There is no river from the Dead Sea to the Red Sea - the border between Israel and Jordan is open at many spots and, since the 1994 peace agreement, the two countries have founded check posts for travellers.
The borders between Syria-Israel and Lebanon-Israel are, indeed, fenced but with gates allowing minorities to travel between the countries (an impossible luxury for Jewish Israelis).
Gaza also has a border with Egypt, which Scott doesn't show, and the closed border between Gaza and Israel actually serves Gaza with food, health products and power, services which Egypt refuses to supply to the Palestinians.

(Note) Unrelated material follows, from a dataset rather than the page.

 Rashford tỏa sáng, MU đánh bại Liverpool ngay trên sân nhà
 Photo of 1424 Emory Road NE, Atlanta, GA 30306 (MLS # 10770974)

The cartoon also omits the rockets flying from Gaza to Israeli towns, sometimes at the rate of 50 a day, harming many civilians, including children. Those rockets could have been easily sketched but your cartoonist chose to represent only one side of the real picture.
April 25, 2008
The Dominion Post published an article by KBRM that had been submitted on April 18 as an open letter to Tom Scott. The article was published in revised form, accompanied by a third appearance of the Tom Scott cartoon, and buried under a huge anti-Israel article with a photo that alone was 30%; larger than the space taken by the KBRM article. The caption on the photo read:
A thousand words: Mahmoud aba Khobayze calls for help near a Reuters Jeep that was hit by an Israeli missile, killing cameraman Fadel Shana.
To add insult to injury, the KBRM article was given a headline that inverted its meaning:
Cartoonists are free to express any opinion they want, but as responsible journalists they should check the facts before they draw. This becomes a serious problem if one decides to attack a whole nation and, by extension, a nationality. To accuse a people of things they have not done is not really sporting, nor is it good journalism.

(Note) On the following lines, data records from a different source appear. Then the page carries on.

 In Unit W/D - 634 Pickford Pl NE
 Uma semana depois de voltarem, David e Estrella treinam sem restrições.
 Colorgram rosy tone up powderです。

I am referring to the recent cartoon by Tom Scott showing the Holy Land as one of the Great Prisons of the World (8 April 2008). It paints quite an evil picture of Israel, and will no doubt sway some people toward that belief. However it happens to be a complete distortion of the truth. One can only wonder if Mr. Scott isn't aware of the situation, or indeed knows about it but chooses to ignore its realities.
In the cartoon he shows the West Bank as a Prison Farm with a high wall between it and Israel. In fact, this fence (which is a high wall in only about 5% of its total length) is being built to keep suicide bombers out, not Palestinians in. It is not intended to create a prison nor does it have that effect. The US is building a fence along the Mexican border, and no one complains that Mexico is being turned into a prison. India has a fence along its borders with Pakistan and Bangladesh and no one here protests that, nor has there been any protest of the barrier built by Saudi Arabia along its Yemen border.

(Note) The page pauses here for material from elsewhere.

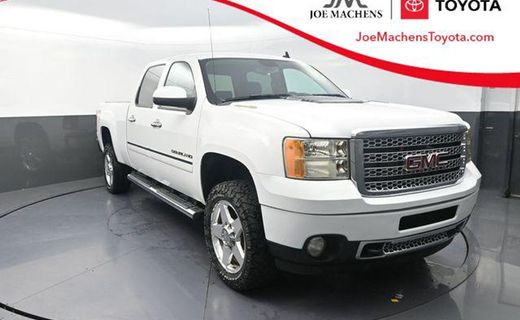 2012 GMC Sierra Denali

But let Israel, which has suffered a thousand deaths (!) by Arab terrorists since 2000, build a barrier and Mr. Scott yells prison. The saying good fences make good neighbours was devised for a reason. When your neighbour keeps invading your yard and killing your family, a fence is the least offensive (no pun intended action you can take. Yet, despite the barrier, Palestinians with a valid reason for entering Israel (work, study, medical treatment, etc.) can do so. Twenty thousand Palestinians hold work permits in Israel, and 5,000 more are to be issued soon. In addition, those who want to travel abroad can do so via Jordan. The West Bank is not a prison! Mr. Scott's depiction of Gaza as a Maximum Security jail cell is false for the same reason. If anything, the need for a border fence is even stronger along the Gaza border. Gaza is in a declared state of war with Israel (anyone who doesn't believe this should check the Hamas charter) and attacks it virtually every day. In a recent incident, terrorists infiltrated the Nahal Oz crossing and killed two civilians at a fuel depot ironically a terminal that was supplying fuel to Gaza! Surely Israel has the right, if not the duty, to defend its citizens, and building a barrier is one way to do that. And this is not to mention the Gaza border with Egypt that is controlled by Egyptians, not Israelis.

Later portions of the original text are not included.